> _Instructions to follow_: Your answer should be the lines below from the one with "2024 Nissan Kicks SR" to the one with "Правоохранители разоблачили в", both included, given again exactly and with nothing added.

> _Records provided_:
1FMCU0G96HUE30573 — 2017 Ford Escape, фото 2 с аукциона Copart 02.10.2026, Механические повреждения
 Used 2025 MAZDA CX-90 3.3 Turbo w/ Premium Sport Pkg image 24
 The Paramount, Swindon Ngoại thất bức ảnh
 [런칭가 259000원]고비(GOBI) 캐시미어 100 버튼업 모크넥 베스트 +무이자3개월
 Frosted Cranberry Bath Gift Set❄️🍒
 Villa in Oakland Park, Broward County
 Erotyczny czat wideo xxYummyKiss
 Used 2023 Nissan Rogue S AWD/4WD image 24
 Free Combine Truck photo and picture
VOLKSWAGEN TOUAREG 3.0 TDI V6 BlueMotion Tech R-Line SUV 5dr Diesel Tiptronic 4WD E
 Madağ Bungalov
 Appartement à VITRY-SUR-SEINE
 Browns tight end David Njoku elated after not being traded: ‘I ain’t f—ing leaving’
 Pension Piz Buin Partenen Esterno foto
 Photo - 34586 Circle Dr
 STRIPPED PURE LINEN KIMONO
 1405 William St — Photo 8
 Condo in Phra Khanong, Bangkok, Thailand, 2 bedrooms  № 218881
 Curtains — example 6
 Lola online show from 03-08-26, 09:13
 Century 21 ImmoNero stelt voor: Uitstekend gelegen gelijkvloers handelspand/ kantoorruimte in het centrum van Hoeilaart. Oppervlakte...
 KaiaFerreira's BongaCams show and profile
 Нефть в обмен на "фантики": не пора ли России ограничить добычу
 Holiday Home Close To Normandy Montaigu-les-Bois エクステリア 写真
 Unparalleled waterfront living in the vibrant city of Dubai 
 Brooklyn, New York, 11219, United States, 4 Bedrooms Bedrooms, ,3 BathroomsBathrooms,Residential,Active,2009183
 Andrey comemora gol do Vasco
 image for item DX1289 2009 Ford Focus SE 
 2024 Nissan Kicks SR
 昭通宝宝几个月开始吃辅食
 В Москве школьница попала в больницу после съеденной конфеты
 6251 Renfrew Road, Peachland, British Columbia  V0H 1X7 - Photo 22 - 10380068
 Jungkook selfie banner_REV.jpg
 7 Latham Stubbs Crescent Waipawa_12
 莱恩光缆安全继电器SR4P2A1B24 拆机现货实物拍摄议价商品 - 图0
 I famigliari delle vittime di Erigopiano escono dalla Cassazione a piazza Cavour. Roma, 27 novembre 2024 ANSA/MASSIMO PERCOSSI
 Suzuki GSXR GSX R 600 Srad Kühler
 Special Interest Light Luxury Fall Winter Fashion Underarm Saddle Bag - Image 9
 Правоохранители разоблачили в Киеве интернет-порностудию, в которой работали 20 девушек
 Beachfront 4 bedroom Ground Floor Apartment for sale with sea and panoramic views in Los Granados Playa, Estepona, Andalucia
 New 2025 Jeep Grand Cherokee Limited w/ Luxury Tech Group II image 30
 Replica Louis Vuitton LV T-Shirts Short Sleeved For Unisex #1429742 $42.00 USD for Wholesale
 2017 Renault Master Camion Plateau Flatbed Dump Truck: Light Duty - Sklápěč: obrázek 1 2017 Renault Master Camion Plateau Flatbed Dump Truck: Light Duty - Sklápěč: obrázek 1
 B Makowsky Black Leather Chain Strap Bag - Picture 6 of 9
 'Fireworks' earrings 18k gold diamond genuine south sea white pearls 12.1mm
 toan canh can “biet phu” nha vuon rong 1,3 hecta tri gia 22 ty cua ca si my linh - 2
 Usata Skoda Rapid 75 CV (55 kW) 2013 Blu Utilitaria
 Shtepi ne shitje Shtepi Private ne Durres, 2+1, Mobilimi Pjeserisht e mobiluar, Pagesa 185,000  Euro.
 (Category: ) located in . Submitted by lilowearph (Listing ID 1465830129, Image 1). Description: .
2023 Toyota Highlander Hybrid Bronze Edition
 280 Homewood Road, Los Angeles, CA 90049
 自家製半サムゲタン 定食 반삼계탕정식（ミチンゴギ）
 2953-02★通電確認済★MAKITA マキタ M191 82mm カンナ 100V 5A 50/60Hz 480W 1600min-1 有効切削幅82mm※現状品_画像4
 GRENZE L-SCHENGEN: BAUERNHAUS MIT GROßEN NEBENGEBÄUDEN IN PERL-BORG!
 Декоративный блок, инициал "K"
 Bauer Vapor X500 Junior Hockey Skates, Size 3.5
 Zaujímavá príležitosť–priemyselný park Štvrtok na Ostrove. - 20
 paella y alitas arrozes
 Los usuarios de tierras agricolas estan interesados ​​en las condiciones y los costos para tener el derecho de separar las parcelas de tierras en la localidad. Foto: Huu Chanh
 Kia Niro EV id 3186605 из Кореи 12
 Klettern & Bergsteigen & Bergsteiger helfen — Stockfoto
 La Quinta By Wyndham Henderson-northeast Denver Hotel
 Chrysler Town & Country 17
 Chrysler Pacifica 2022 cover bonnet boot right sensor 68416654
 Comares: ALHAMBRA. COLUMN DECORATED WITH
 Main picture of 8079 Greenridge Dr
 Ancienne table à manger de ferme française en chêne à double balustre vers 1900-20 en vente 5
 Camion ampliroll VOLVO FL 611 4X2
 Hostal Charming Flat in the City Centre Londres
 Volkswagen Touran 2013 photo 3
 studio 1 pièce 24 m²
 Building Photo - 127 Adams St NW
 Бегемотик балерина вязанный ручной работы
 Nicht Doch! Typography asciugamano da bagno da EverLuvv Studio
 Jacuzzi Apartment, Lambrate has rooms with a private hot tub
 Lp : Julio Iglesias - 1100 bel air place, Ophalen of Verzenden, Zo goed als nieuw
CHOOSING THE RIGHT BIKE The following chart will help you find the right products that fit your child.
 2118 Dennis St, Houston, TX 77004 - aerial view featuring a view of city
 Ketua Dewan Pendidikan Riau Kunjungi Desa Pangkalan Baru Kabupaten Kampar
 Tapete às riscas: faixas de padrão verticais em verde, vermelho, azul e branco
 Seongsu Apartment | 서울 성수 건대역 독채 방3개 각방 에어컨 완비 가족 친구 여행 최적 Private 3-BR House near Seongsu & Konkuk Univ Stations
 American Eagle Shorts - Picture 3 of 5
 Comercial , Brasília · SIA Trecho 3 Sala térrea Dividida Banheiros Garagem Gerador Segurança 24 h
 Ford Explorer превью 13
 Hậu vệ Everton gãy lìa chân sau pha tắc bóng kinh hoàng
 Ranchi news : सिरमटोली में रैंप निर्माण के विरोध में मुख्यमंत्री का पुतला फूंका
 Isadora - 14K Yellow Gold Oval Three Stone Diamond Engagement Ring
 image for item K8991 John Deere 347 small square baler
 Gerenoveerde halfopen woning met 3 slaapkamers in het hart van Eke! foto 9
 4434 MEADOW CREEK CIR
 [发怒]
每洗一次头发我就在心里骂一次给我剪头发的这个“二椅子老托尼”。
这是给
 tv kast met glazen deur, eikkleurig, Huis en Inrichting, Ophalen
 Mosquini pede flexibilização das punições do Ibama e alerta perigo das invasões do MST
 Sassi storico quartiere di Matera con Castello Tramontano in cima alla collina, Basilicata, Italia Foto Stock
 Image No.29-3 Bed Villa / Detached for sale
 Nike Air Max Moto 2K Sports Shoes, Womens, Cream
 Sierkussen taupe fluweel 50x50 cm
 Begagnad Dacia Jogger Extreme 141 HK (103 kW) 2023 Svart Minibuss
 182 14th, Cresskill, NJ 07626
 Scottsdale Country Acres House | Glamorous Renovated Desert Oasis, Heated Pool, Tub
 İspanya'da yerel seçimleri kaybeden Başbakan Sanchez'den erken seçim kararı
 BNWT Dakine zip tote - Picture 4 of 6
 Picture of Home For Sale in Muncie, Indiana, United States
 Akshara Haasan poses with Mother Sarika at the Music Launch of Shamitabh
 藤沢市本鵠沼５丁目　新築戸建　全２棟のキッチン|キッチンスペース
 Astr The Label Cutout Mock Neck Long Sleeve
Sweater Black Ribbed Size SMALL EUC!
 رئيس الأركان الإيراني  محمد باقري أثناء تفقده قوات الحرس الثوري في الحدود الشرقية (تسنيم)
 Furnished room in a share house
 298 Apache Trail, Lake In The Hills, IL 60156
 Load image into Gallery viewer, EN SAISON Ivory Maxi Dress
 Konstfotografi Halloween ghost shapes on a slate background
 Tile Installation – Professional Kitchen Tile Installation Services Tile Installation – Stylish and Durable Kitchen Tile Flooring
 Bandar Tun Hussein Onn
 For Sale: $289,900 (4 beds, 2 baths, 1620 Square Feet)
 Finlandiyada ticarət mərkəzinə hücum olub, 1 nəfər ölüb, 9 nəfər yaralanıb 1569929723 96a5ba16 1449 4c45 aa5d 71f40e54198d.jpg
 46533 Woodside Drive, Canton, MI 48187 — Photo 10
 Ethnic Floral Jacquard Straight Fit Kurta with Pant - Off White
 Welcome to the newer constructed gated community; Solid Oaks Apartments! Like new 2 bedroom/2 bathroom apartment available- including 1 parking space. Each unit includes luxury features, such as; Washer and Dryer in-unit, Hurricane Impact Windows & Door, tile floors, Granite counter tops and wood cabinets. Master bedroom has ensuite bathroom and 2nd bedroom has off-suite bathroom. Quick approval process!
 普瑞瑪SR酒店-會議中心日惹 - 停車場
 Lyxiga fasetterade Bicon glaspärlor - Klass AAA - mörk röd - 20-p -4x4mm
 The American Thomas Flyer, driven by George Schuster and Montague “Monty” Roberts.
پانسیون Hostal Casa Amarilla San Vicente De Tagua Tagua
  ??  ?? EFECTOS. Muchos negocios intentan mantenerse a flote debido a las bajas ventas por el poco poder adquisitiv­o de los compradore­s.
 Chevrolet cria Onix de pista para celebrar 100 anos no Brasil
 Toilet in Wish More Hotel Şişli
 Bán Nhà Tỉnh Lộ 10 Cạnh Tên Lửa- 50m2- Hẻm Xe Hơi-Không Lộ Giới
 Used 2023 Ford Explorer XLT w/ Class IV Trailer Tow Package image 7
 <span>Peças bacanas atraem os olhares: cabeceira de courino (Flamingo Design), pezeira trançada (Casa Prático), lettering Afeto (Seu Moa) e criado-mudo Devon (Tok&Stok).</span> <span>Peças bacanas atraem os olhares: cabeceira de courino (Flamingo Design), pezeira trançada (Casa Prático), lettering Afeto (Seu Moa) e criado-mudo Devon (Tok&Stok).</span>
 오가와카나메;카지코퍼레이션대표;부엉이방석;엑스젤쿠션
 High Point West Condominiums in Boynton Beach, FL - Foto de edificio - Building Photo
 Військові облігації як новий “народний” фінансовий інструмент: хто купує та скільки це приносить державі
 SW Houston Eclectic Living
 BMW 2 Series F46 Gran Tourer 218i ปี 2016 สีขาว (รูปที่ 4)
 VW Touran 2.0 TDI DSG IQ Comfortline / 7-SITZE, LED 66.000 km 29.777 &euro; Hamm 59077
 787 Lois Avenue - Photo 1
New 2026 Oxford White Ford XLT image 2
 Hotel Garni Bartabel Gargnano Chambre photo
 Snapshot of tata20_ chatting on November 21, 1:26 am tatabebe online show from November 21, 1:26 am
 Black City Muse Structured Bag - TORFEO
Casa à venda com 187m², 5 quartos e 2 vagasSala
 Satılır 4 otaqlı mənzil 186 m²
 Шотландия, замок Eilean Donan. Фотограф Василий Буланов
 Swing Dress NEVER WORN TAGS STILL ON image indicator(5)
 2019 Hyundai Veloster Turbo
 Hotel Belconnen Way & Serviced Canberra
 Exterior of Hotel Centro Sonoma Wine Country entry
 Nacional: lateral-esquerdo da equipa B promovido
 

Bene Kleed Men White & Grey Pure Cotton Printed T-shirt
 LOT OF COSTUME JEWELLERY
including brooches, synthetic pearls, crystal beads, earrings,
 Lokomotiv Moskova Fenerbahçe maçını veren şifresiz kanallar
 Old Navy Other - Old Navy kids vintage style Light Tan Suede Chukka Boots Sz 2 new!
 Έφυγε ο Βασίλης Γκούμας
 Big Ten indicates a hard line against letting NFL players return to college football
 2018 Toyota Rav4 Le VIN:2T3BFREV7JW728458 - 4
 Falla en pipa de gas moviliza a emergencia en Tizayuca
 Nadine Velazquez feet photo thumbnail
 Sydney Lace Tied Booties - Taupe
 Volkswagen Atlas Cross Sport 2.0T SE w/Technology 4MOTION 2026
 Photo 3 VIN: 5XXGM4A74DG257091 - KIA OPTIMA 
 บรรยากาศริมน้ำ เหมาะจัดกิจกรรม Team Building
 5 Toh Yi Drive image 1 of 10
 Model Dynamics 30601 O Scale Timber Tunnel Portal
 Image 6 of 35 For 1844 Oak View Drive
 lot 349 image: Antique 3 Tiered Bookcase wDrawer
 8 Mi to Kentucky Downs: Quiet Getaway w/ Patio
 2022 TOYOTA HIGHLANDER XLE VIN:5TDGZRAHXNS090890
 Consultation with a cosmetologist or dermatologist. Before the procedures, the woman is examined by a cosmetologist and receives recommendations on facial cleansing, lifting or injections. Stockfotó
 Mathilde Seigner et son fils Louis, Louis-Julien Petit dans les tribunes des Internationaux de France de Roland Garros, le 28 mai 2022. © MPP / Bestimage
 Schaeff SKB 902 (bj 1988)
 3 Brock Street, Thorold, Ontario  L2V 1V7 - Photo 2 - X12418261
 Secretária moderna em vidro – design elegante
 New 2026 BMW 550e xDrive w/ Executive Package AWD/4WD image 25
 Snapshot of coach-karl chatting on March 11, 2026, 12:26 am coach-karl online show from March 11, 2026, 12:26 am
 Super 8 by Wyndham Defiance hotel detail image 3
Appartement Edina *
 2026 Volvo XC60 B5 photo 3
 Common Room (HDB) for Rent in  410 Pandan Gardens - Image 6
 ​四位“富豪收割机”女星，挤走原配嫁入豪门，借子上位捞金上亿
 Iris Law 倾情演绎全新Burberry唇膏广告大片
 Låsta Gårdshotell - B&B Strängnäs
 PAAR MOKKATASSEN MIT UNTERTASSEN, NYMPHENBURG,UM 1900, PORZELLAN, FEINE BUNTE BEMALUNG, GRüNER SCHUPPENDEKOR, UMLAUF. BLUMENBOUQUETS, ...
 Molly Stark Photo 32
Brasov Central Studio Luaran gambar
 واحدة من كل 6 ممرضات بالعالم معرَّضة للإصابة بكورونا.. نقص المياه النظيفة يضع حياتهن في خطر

> _Response for this exercise_:
 2024 Nissan Kicks SR
 昭通宝宝几个月开始吃辅食
 В Москве школьница попала в больницу после съеденной конфеты
 6251 Renfrew Road, Peachland, British Columbia  V0H 1X7 - Photo 22 - 10380068
 Jungkook selfie banner_REV.jpg
 7 Latham Stubbs Crescent Waipawa_12
 莱恩光缆安全继电器SR4P2A1B24 拆机现货实物拍摄议价商品 - 图0
 I famigliari delle vittime di Erigopiano escono dalla Cassazione a piazza Cavour. Roma, 27 novembre 2024 ANSA/MASSIMO PERCOSSI
 Suzuki GSXR GSX R 600 Srad Kühler
 Special Interest Light Luxury Fall Winter Fashion Underarm Saddle Bag - Image 9
 Правоохранители разоблачили в Киеве интернет-порностудию, в которой работали 20 девушек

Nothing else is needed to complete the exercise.